Most people come to Africa, go on a week safari and then head out. We had been in Africa for six weeks and had yet to see a large game animal. This was all about to change though as we left Lake Ayasi where the Hadzabe tribe lived. Seeing your first large game animal is a weird experience. We have all seen them in pictures and at the zoo, but to see one just cruising around in the wild is a strange and surreal experience. Our first was a Giraffe, we weren’t even in the national park yet and we saw one off the side of the road. After a four hour drive on a dirt road we arrived in Lake Natron which is home to millions of pink flamingos and live volcanoes. It felt like we were back in prehistoric times with a volcano going off in the distance, nobody around for as far as the eye can see and large game animals like the wildabeast all around you.

The following day we spent watching the baboons in the trees and doing a hike to a beautiful waterfall that we could swim in and cool off. While watching the baboons we were approached by three Swahili kids who are always interested in “the white man”. The main reason that they are interested is because they think all white people are made of money and they love to come asking for some. One of the boys who was 16 was very curious about us and what we were doing there. When we told him we came from America to look at the baboons and all the other animals he had a very confused look on his face.

“don’t you have baboons in America”, he asked.

“no we don’t.”

“What about elephants?

“No elephants.”

“and giraffes and hippos” he asked

“no we don’t have any of these animals in America.” I said

He was very confused. Someone who has always lived with all these animals around you ,just figured that they were everywhere in the world. He then proceeded to throw rocks at the baboons because for them they are a nuisence where for us they are a source of great amusement.
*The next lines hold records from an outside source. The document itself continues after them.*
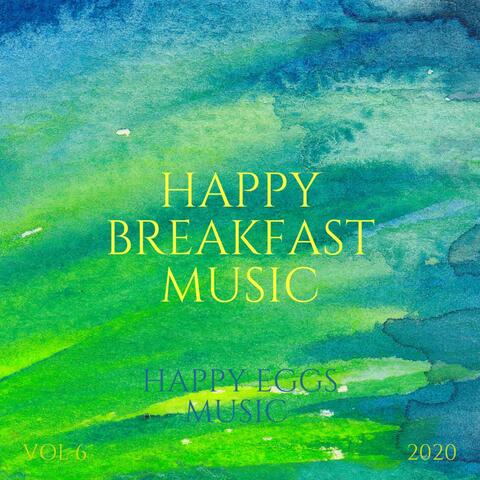 Happy Eggs Music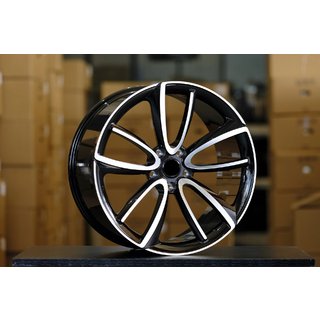 Cerchi forgiati OEM R23 V2 (Set di 4) foto 1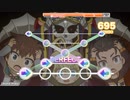 【デレステ創作譜面】異世界ショータイム【Master+】(Lv33)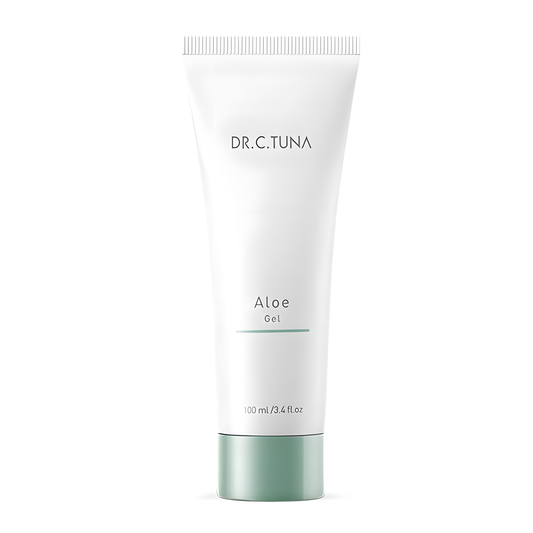 Dr. C.Tuna Aloe Vera Gel - 100ml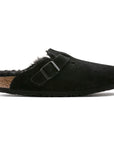 0259881 259883 Boston Shearling Black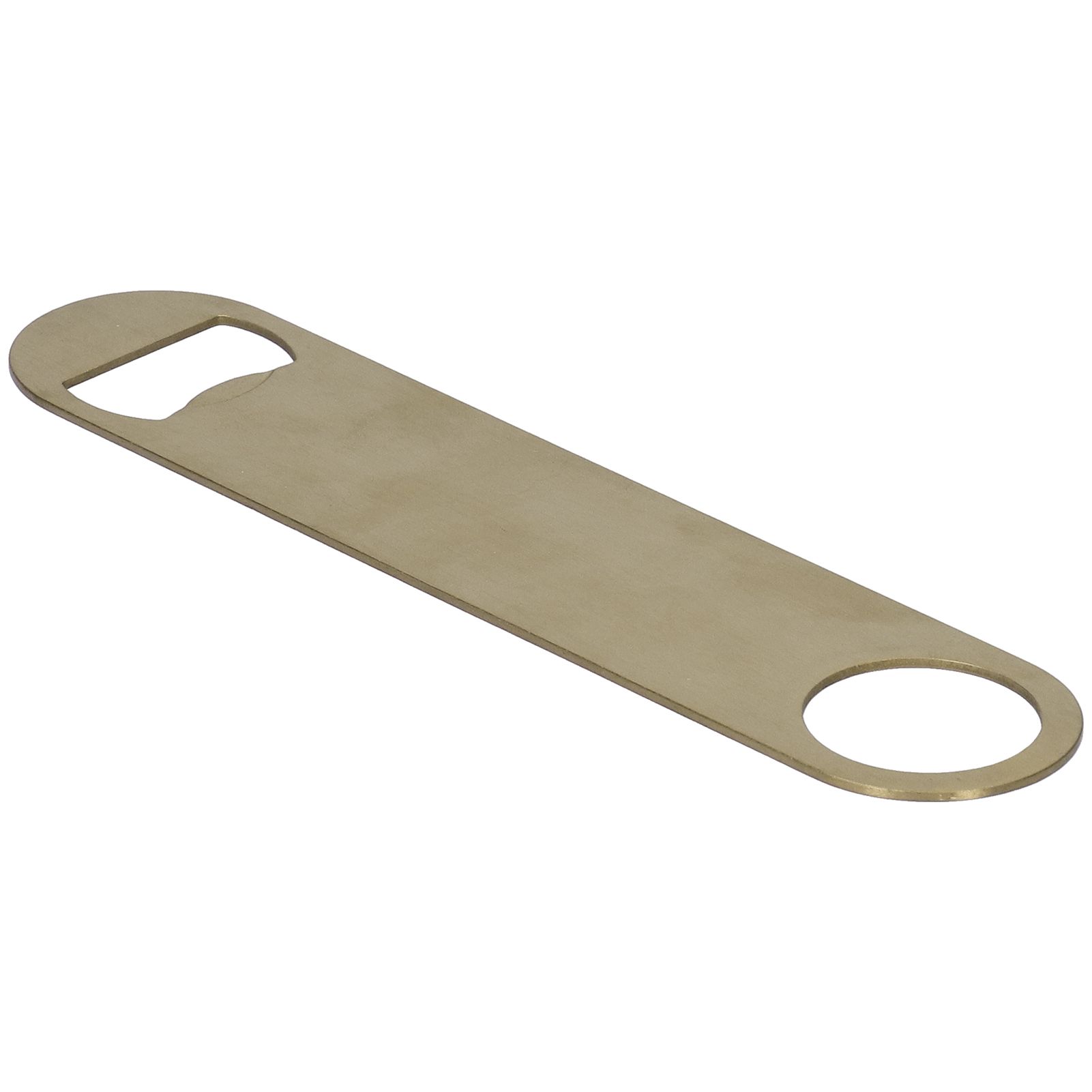 Bottle Opener Thickened Stainless Steel Beer Bottle Opener for Bar Bartenders view 10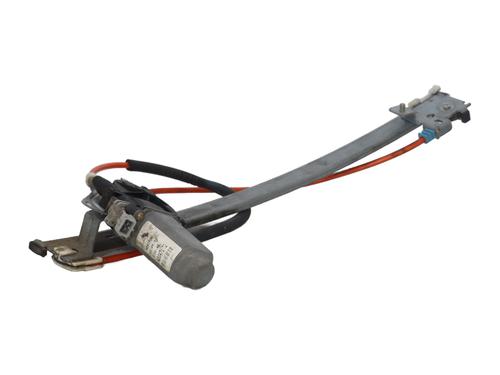 Used Front left window mechanism PEUGEOT 106 II (1A_, 1C_) 1.0 i (50 hp) 31950971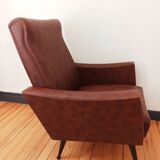 Vintage armchair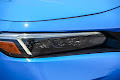 2024 Honda Civic Hatchback Sport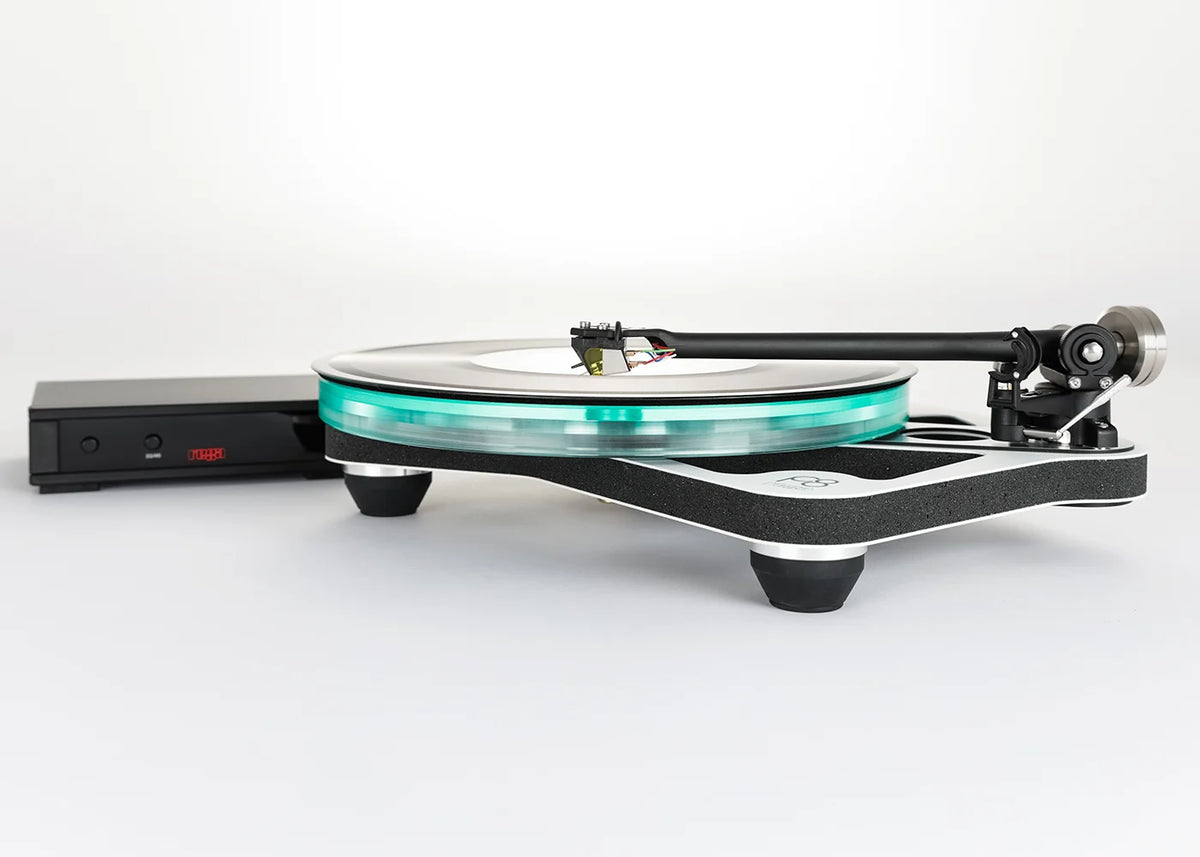Rega Planar 8 (NEU)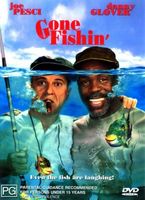 Gone Fishin' movie poster (1997) Tank Top #660060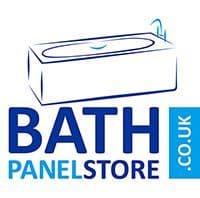 Bath Panel Store Logo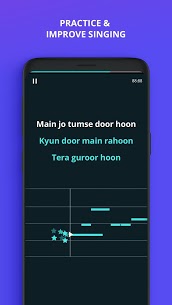 Smule Mod Apk (Unlocked VIP) 5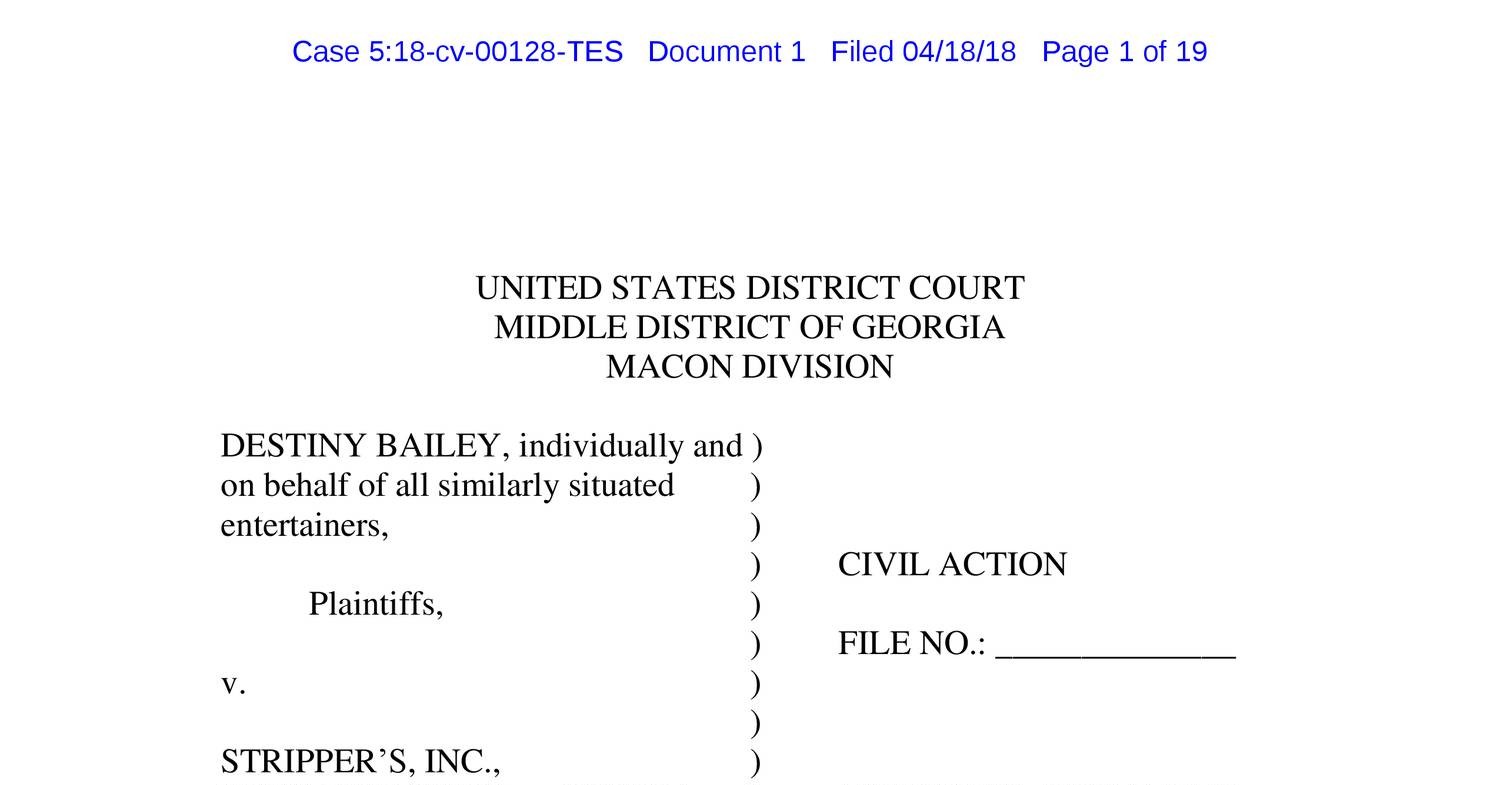 Byron strip club lawsuit.pdf | DocDroid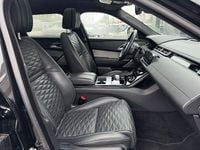 Gebraucht Land Rover Range Rover Velar SVAutobiography Dynamic Black 551 PS (405 kW) 2020 Schwarz SUV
The following day we drove four more hours on an even rougher road and finally ended up at the entrance to the Serengheti park. It was a thrill to finally be at the park after 3 days of driving on dirt roads. We entered via the north entrance which is seldom visited so we had it all to ourselves. It was AWESOME, driving on a dirt road with beautiful scenery all around you and then boom, you see a huge herd of wildabeast, hundreds of them. Then you look to your right and you see water buffalo and a couple of zebra. What I didn’t expect was how beautiful the Serengheti is even without the animals, just wide open grassland and trees. My brother, always wondered why we wanted to go to Africa, “just go to the zoo its the same thing and a hell of a lot cheaper” Well, after being to both, its not the same. The Serengeti is amazing in its own right just for the shear vastness of the place. I could go on for hours about all the different encounters we had but there is one that really stands out. We left our campsite for a late afternoon drive to find some animals. Things didn’t start out to well as we got a flat in the first hour and had to have it repaired.” Then, after that we really didn’t see much at all. On our way back the sun was starting to set and the colors were amazing and our guide tells us to look out in the distance, a huge herd of elephants were coming our way. We hadn’t seen an elephant the whole time and now there were about 75 coming right towards us. We turned the car off and with nobody else around we sat and watched the herd slowly make there way past us. Some even came right up to the truck so close we could have touched them. It was one of those experiences that you will never forget. The sun setting on the Serengheti, nobody for as far as the eye can see and you’ve got elephants all around, not a bad deal.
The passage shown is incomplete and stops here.